## PROBLEM STATEMENT:
Only one span of the listing below should come back. It runs from the line with "WW1 Sawback Bayonet - Banned Weapons of War" through the line with "14k-white-gold-oval,18k-white-gold-oval,platinum-oval", and each of its lines must be reproduced exactly.

** DATA RECORDS follows **

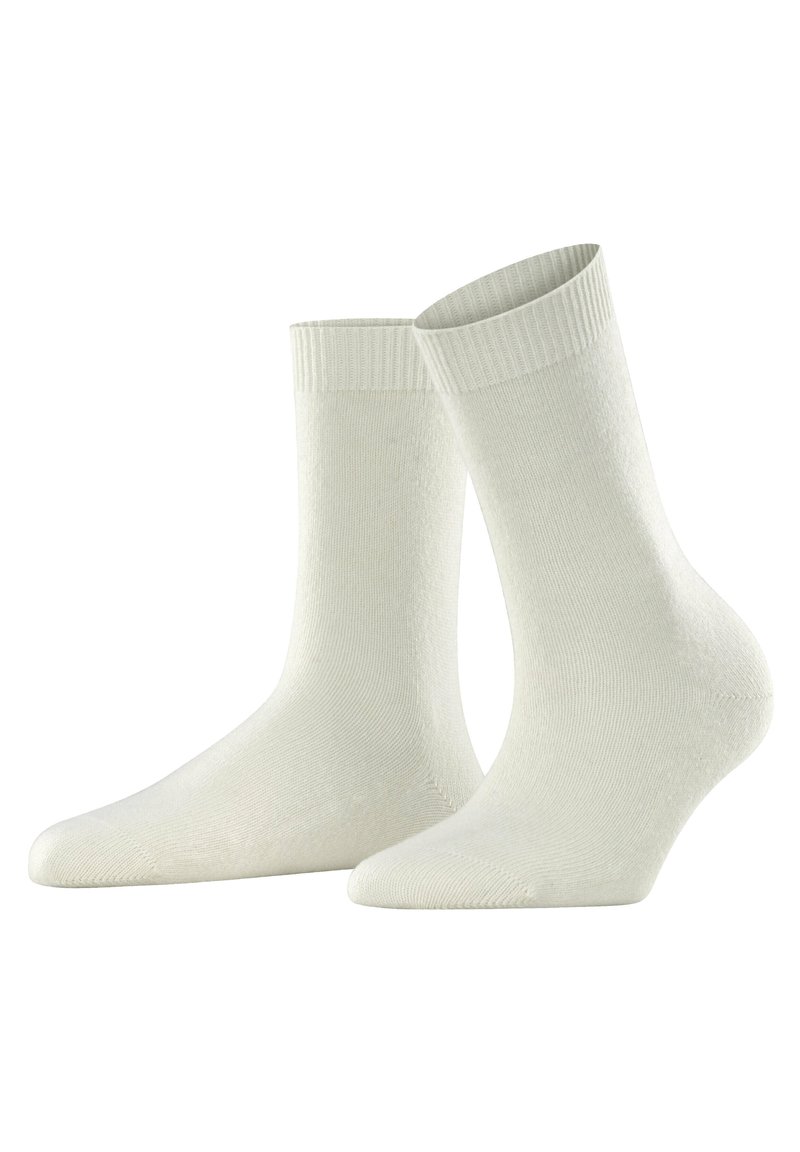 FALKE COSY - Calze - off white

** End of DATA RECORDS **
** DATA RECORDS follows **

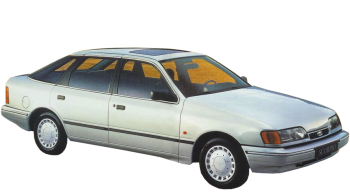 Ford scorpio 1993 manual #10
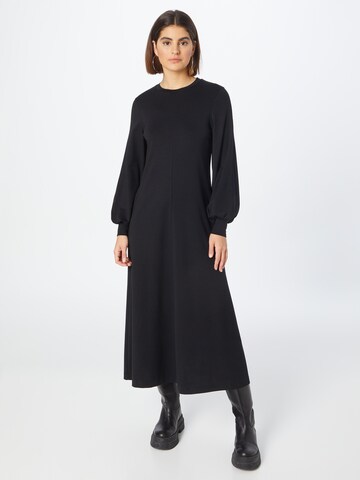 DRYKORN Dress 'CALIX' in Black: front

** End of DATA RECORDS **
** DATA RECORDS follows **

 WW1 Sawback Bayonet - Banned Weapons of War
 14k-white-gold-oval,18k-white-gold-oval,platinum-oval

** End of DATA RECORDS **

## TASK OUTPUT:
 WW1 Sawback Bayonet - Banned Weapons of War
 14k-white-gold-oval,18k-white-gold-oval,platinum-oval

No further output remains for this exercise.